On the morning of April 10, the Exclusive AI Talk 2026 event took place, offering a comprehensive yet highly practical view of how AI is reshaping the workplace within enterprises. Moving beyond trend-driven discussions, the sessions went straight to the core challenge many organizations are facing: how to transform AI from a “technological promise” into a “real operational capability.
The AI race is accelerating
One of the most notable takeaways is the growing market pressure forcing businesses to act. According to Gartner and The Wall Street Journal, global AI investment is projected to reach approximately $2.5 trillion, while 68% of CEOs plan to continue increasing their AI spending in 2026, signaling that AI is no longer an experimental option, but a strategic priority.

Beyond expectations, AI is already proving its real-world value at a global scale. Since the launch of ChatGPT in late 2022, AI-related stocks have contributed around 75% of the total gains of the S&P 500, 80% of earnings growth, and 90% of capital expenditure growth. This underscores that AI is not just a technology wave, but a direct driver of operational efficiency and profit margins for businesses.

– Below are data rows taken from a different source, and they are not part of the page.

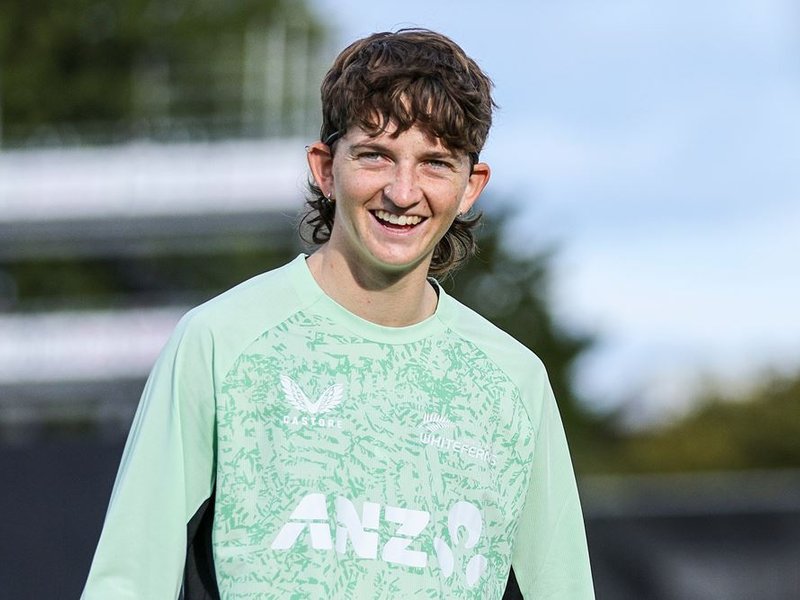 NZ hand maiden call up to Knight for South Africa WODIs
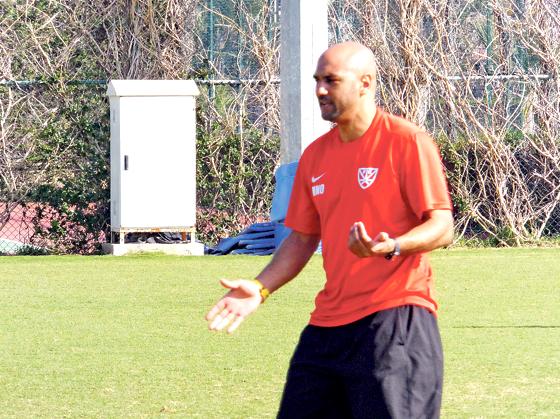 Früher spielte Matt Okoh unter anderem für den TSV 1860, jetzt kämpft er als Trainer des FC Rot-Weiss Oberföhring gegen den Abstieg in die Kreisklasse  und das ausschließlich mit selbst ausgebildeten Spielern.	Foto: Verein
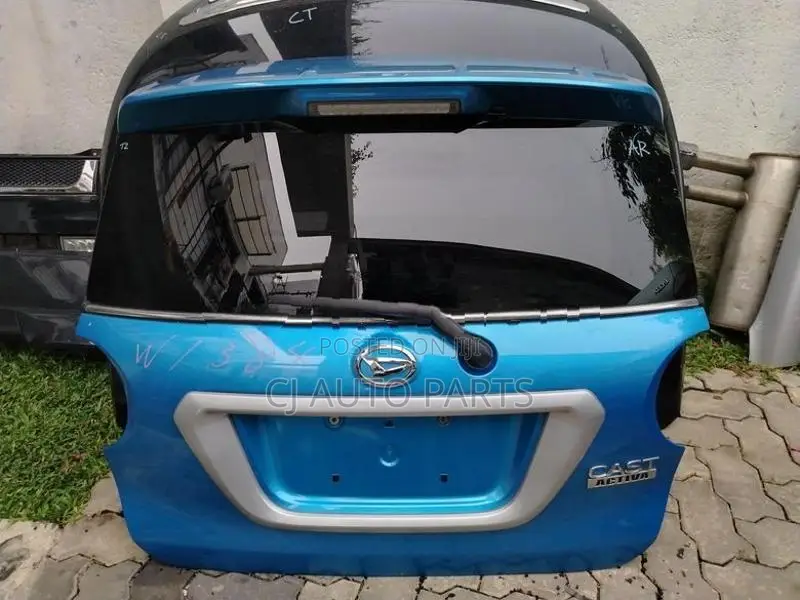 Daihatsu Cast Dicky Door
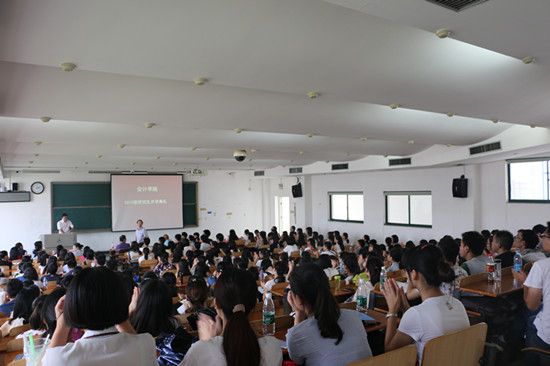 9499www威尼斯（会硕中心）2015级硕士研究生开学典礼隆重举办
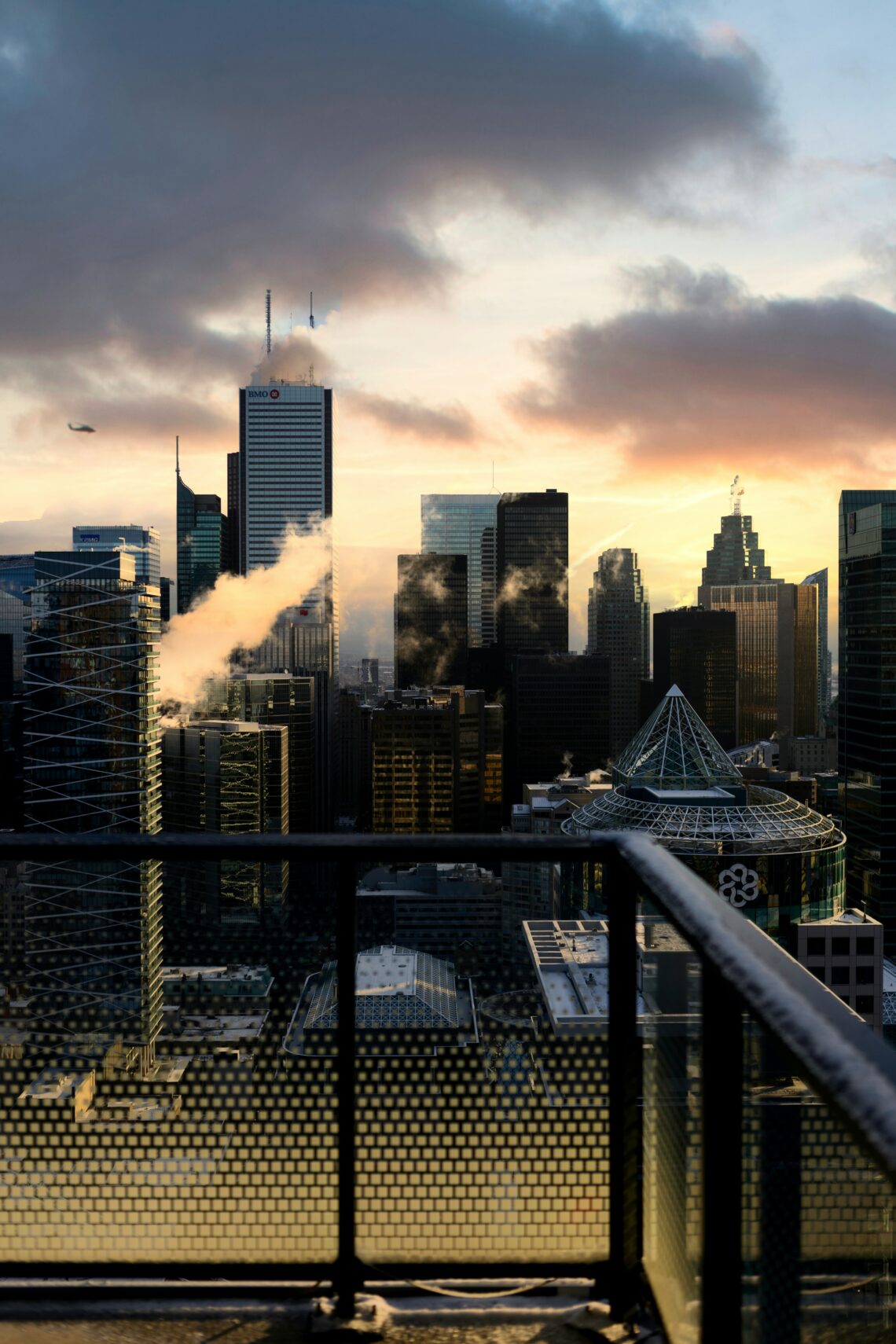The Ultimate Guide to Buying a Penthouse in the UAE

In this context, AI is creating a clear compounding effect. Mr. Nguyen Quoc Tuan, CEO of ScaleUP, noted that early adopters will continue to build advantages over time, while frontrunners accelerate further ahead of the rest. This is also why AI is seen as a long-term game—where companies that wait until ROI becomes fully clear before acting risk falling behind. In such cases, the cost of delay is not just missing opportunities, but can even exceed the initial investment required to implement AI early on.
From fragmented tools to an AI Workspace – a strategic shift for enterprises
At the event, Mr. Nguyen Quang Minh – Director of the AI Consulting and Innovation Center (AI Lab) at FPT Smart Cloud, FPT Corporation – outlined a typical “evolution” journey in how enterprises adopt AI. It often begins with the fragmented, individual use of public AI tools. This is followed by a phase where organizations deploy standalone AI Agents, functioning as “digital workers” for specific tasks.

However, real value only begins to scale when enterprises transition to an AI Workspace model where multiple AI Agents can collaborate to solve more complex problems. At a more advanced level, multi-agent and autonomous AI models enable systems not only to execute tasks but also to reason, allocate work, and coordinate with one another toward shared goals.
This shift is not merely a technological upgrade, but a fundamental transformation in how businesses operate.
When AI becomes a new “workforce” within the enterprise
A key insight from the event is that AI is increasingly taking on the characteristics of a “worker” rather than just a tool. It can perform tasks, collaborate, and even make decisions in certain contexts. However, most organizations today still manage AI as an IT system, rather than as part of their organizational structure. This disconnect is a major bottleneck, preventing many well-funded AI initiatives from delivering proportional impact. In other words, companies are “using AI,” but not yet “operating with AI.”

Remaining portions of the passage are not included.